But that's not where this story is going to focus

Because the team has a lot of experience is keeping those instances up and running and that code is solid, they notice a growing challenge with the database.

Currently, they have grown to ingest over 100 million events per day. That's about eight terabytes

The challenge is that using an RDS instance maxed out on storage size, they fill that storage space every eight days.

The cost is management but adding ~$15,000 USD every eight days to the bill is something that definitely stood out

Looking at this forklifted solution across the Well-Architected Framework, we see a reasonable set of results. Reliability is high (the thing their customers care about the most). The other areas could use some improvements though

Using a fact-based feedback loop, the team knows the volume of data they are capturing and storing in Oracle just isn't tenable long term. They also know there are a host of better options available in the AWS Cloud

Changing out that Oracle RDS instances for an Amazon Aurora one is the easiest and lowest risk for this solution. It didn't take a lot of work to change the code to interact with Aurora and this change was completed in one sprint

The results were significant. An immediate savings of 49%. That's over $20,000 USD/month on usage charges, not to mention the significantly lower reservation costs!

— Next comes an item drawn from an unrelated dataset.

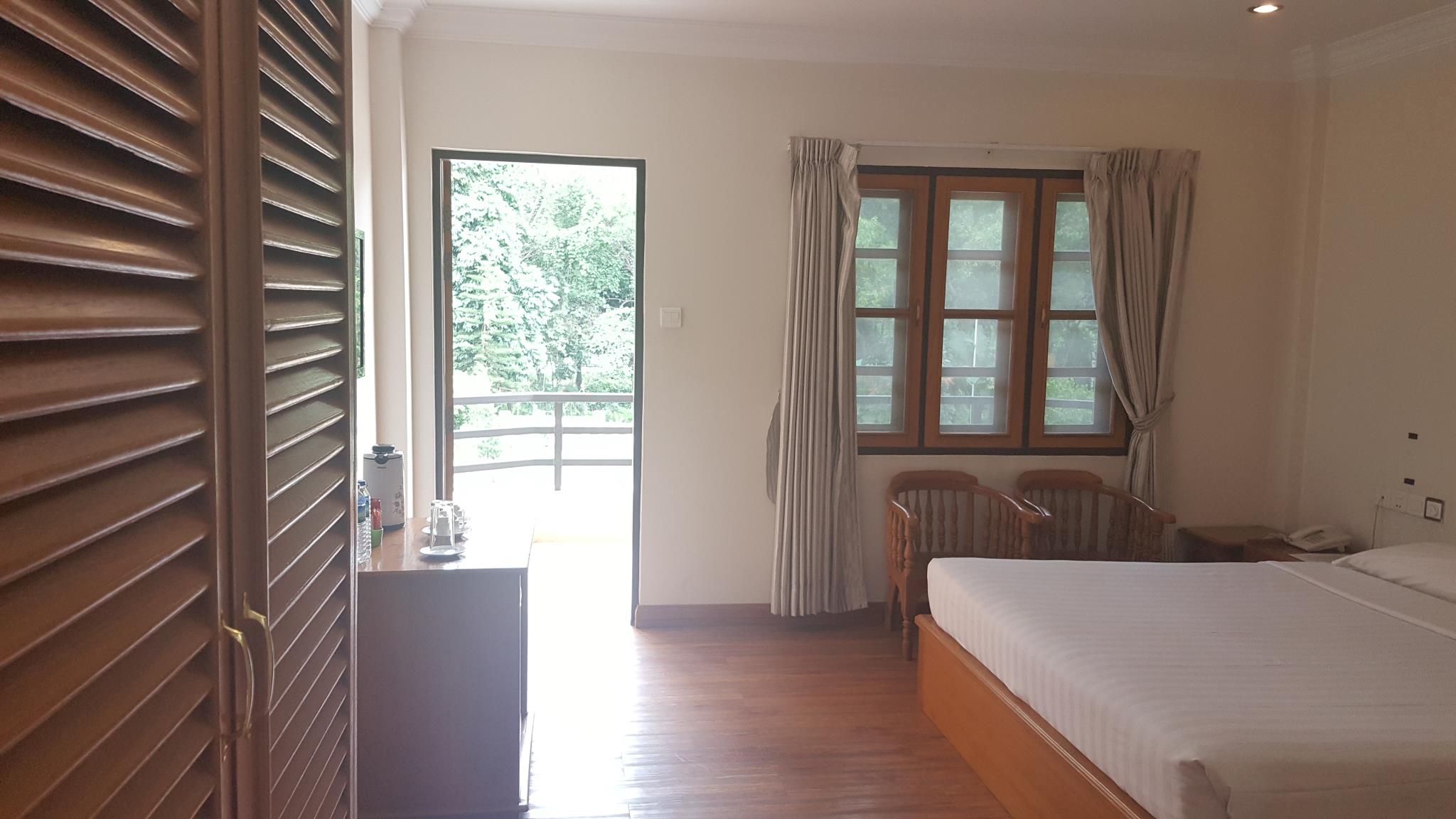 Mya Nanda Hotel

If we re-evaluate the solution again the Well-Architected Framework, to no one's surprise cost optimization has increase significantly with this one move

The next evolution the team undertook was removing older data from the Aurora database and storing it in Amazon S3. Older data has a very different use case in this solution and the high cost of storing it in a RDBMS just doesn't make sense anymore.

On-premises, the database was essentially a sunk cost. As long as there was enough storage on the storage area network, the solution was fine. In the cloud, this was inefficient

With older data moved to S3, the team realized they could streamline the real-time data using Amazon DynamoDB. This was actually less expensive, simpler, and provided a lot more headroom for scaling

On a roll, the team migrated away from EC2 instances for compute. Analysis and batch processing is now done using AWS Fargate with only minor modifications to the codebase.

The real-time data is now process using AWS Lambda which is better aligned to the event style of the incoming data.

The team's tests reveal that this scales much better in response to customer demand because the batch analysis jobs no longer impact the real-time data processing and vice-versa

This also shifts the solution to align with the "Use on-demand resources wherever possible" principles. The AWS Fargate containers only run when there is an analysis job to complete. And the AWS Lambda functions are mapped 1:1 to incoming data

Finally, it also aligns with "Automate all the things" principle. The solution is now centered around various events and actions are fully automatic based on specific business criteria

Looking at the overall position of the solution, we've seen improvements in every area except reliability. It was already sky high when the team started.

The important takeaway here is that they were able to re-architect the solution to be cloud native without sacrificing any of that reliability

Takeaways

The AWS Well-Architected Framework isn't a collection of best practices. It's a series of principles that will help you build better.

It's about finding the best solution for your challenge at the time

You can practice the framework by regularly and consistently applying it's principles

Those principles are;

Use on-demand resources whenever possible
Automate all the things
Test regularly and at scale
Fact-based feedback loops
Evolve architectures
Practice, practice, practice

The framework makes it easier to dive deeper by breaking up the content across five pillars;

Just remember, take your ideas, try them, learn from them, and repeat.

That's how you can build better in the AWS Cloud.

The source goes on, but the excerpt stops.